Because the environment and policy are stationary, the specific value of $t$ used in the definition does not change the resulting values $V^\pi(s)$ or $Q^\pi(s,a)$; they are functions of state (and action) only.

These value functions are related by the identity:

\[V^\pi(s) = \sum_a \pi(a|s) Q^\pi(s,a).\]

They satisfy the Bellman expectation equations, which express values recursively. Let $P(s’|s,a)$ be the state transition probability and $R(s,a,s’)$ be the expected immediate reward for $(s,a,s’)$.

\[\begin{aligned} V^\pi(s) &= \sum_a \pi(a|s) \sum_{s'} P(s'|s,a) [R(s,a,s') + \gamma V^\pi(s')], \\ Q^\pi(s,a) &= \sum_{s'} P(s'|s,a) [R(s,a,s') + \gamma V^\pi(s')]. \end{aligned}\]

These equations state that the value of a state (or state-action pair) under $\pi$ is the sum of the expected immediate reward and the discounted expected value of subsequent states encountered by following $\pi$.

The policy gradient theorem

The Policy Gradient Theorem provides an expression for $\nabla_\theta J(\theta)$. It’s useful because we can compute unbiased estimates of the gradient from samples of trajectories generated by $\pi_\theta$.

Let $P(\tau|\theta)$ be the probability of trajectory $\tau$ under policy $\pi_\theta$.

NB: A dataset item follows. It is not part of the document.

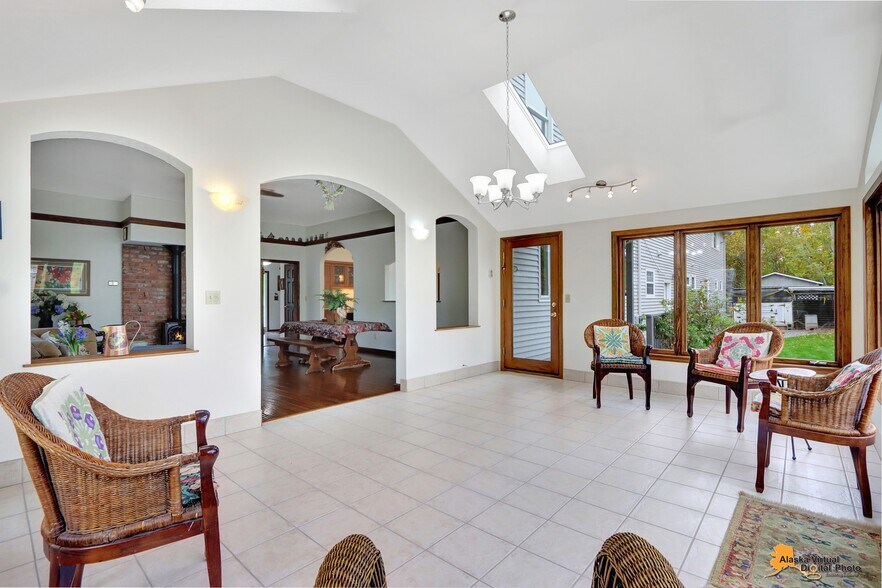 More Photos Of 1651 Terrilou Ct, Palmer Specialty For Sale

\[J(\theta) = \sum_\tau P(\tau|\theta) G_0(\tau).\]

Then, $\nabla_\theta J(\theta) = \sum_\tau \nabla_\theta P(\tau|\theta) G_0(\tau)$. Using the log-derivative trick,

\[\nabla_\theta P(\tau|\theta) = P(\tau|\theta) \nabla_\theta \log P(\tau|\theta),\]

we get:

\[\nabla_\theta J(\theta) = \sum_\tau P(\tau|\theta) (\nabla_\theta \log P(\tau|\theta)) G_0(\tau) = E_{\tau \sim \pi_\theta} [(\nabla_\theta \log P(\tau|\theta)) G_0(\tau)].\]

The probability of a trajectory is $P(\tau|\theta) = p_0(s_0) \prod_{t=0}^\infty \pi_\theta(a_t|s_t) P(s_{t+1}|s_t, a_t)$. Thus, $\log P(\tau|\theta) = \log p_0(s_0) + \sum_{t=0}^\infty (\log \pi_\theta(a_t|s_t) + \log P(s_{t+1}|s_t, a_t))$. The gradient $\nabla_\theta$ only affects terms involving $\pi_\theta$:

\[\nabla_\theta \log P(\tau|\theta) = \sum_{t=0}^\infty \nabla_\theta \log \pi_\theta(a_t|s_t).\]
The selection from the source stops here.